Revenues grew 20% QoQ to $90.5 mm, while EBITDA rose a modest 8% to $35 mm. A one-off working capital build related funding newly acquired major contracts contributed to this result. LT Debt stood at $393 mm with cash at $25 mm. Liquidity stood at $165 mm inclusive of their RCA which is being tapped to help fund the Chevron buildout. ARIS is also paying a small, $0.43 dividend on an annual basis, currently yielding 2.7%.

Guidance for 2023

Stephan Tompsett, CFO commented on the outlook for 2023-

Recent industry reports and initial production targets from some of our large customers indicate 15% to 25% year-over-year oil production increases in the areas in which we operate for 2023. We expect to grow alongside this increasing production and look forward to providing an update to our 2023 outlook when we provide our fourth quarter ‘22 results.

Source.

Risks

I don’t see a lot downside for Aris Water Solutions, Inc. stock. Their core business-frac and produced water treatment is programmed for growth. Particularly produced water and derivatives that come from the just beginning initiatives. This business is not tied to rig count.
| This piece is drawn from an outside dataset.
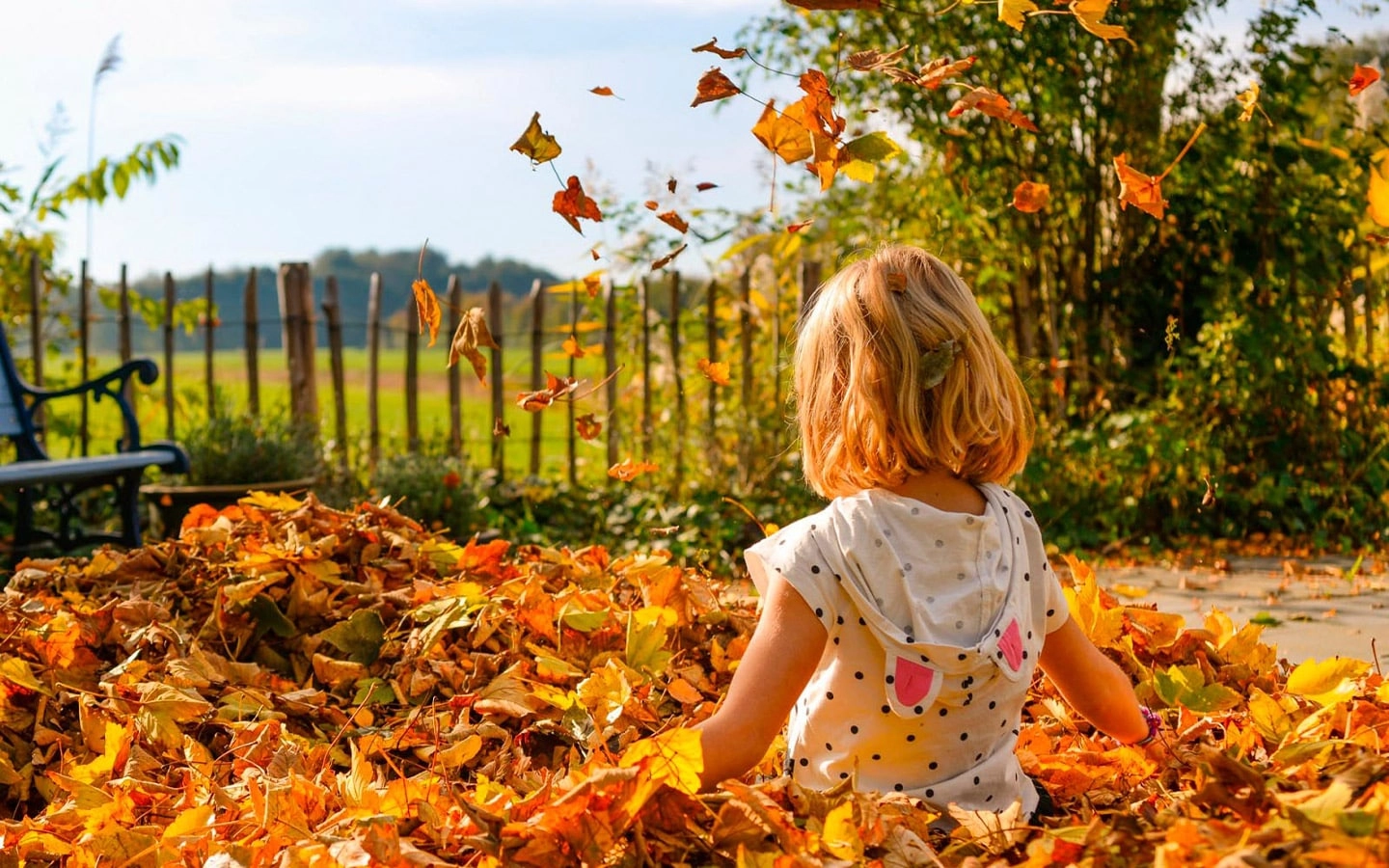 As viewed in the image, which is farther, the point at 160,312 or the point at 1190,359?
the point at 160,312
The primary risk I see is continued dead money as investors shun the stock, tying it to the rig count. This risk should diminish as volumes increase during the year as previously discussed.

Your takeaway

Let’s understand something, water is precious and becoming scarcer. The map below from the Drought office of the U.S. government is illustrative. This has real world implications for many U.S. cities. They are running out of water.

Drought monitor (Drought.gov)

Against that context, the steps ARIS is taking to tie up big volumes of water start to make sense. It also perhaps gives us a look into how analysts may be viewing the company and giving it a higher multiple than they would for a company with strict oilfield prospects. ARIS has clearly set its sights on a bifurcation into a more technological approach to water management.

If you can see past the next couple of quarters, ARIS might be a good bet for growth. They are shedding their oilfield startup status, and appear to be on track to be valued as a technology player in the environmental space, like Clean Harbors (CLH), trading at 13.5X forward EV/EBITDA, or recently acquired at 28X earnings Evoqua Water Technologies, (AQUA) and 18X EV/EBITDA by Xylem Inc. (XYL) itself trading at 23X EV/EBITDA.

Multiples get higher the farther you go from the oilfield! (Now, I still don’t think they rate a higher multiple than Halliburton-which is also a tech company, but that’s life.)